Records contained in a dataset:
= = = = = = =

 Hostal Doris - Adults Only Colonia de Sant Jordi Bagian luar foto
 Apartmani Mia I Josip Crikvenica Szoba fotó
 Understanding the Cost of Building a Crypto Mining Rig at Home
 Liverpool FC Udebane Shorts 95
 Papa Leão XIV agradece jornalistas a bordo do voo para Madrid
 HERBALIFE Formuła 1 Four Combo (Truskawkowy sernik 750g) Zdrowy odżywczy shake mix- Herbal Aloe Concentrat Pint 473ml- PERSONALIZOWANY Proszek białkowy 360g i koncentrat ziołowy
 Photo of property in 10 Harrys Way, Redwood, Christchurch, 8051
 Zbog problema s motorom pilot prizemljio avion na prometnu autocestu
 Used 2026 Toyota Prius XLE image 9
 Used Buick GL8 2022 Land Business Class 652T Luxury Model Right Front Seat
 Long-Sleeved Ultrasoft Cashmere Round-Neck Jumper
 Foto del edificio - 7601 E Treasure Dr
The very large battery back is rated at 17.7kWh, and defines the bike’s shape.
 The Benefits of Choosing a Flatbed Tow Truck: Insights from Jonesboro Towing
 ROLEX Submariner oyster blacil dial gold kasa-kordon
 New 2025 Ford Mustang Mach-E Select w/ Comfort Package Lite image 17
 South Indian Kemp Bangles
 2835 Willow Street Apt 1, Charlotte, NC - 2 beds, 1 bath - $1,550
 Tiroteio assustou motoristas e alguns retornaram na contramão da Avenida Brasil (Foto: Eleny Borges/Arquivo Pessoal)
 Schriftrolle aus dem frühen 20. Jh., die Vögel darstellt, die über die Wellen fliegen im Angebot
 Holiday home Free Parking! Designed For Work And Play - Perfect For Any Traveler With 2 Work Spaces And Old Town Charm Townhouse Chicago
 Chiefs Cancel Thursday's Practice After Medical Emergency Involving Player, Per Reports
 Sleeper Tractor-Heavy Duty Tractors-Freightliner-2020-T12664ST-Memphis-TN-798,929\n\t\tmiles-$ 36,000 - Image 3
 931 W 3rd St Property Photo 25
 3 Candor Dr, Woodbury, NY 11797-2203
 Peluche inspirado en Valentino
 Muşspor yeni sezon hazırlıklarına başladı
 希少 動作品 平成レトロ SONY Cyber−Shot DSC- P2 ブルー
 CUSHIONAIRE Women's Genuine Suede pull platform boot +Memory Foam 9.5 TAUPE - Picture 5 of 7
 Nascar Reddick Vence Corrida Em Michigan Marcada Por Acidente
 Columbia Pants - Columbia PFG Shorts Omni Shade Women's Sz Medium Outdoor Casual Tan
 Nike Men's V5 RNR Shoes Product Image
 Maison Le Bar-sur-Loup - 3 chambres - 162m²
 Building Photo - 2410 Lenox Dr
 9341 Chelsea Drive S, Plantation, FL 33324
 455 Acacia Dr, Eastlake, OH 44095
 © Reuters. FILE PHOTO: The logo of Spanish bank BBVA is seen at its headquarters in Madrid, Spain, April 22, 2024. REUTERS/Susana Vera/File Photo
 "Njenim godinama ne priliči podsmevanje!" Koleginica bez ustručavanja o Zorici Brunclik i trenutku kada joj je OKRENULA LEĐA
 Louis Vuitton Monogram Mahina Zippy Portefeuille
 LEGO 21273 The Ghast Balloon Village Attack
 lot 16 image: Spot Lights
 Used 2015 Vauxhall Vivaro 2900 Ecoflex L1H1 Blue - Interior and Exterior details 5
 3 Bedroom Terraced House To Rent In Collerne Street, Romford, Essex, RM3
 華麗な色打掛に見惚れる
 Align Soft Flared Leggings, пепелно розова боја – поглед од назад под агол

= = = = = = =

◆ WORK TO BE COMPLETED
Among the entries above, the lines between the ones containing "Schriftrolle aus dem" and "Holiday home Free", inclusive, are to be transcribed exactly. No other line is to be given.

◆ SOLUTION FOR THIS TASK
 Schriftrolle aus dem frühen 20. Jh., die Vögel darstellt, die über die Wellen fliegen im Angebot
 Holiday home Free Parking! Designed For Work And Play - Perfect For Any Traveler With 2 Work Spaces And Old Town Charm Townhouse Chicago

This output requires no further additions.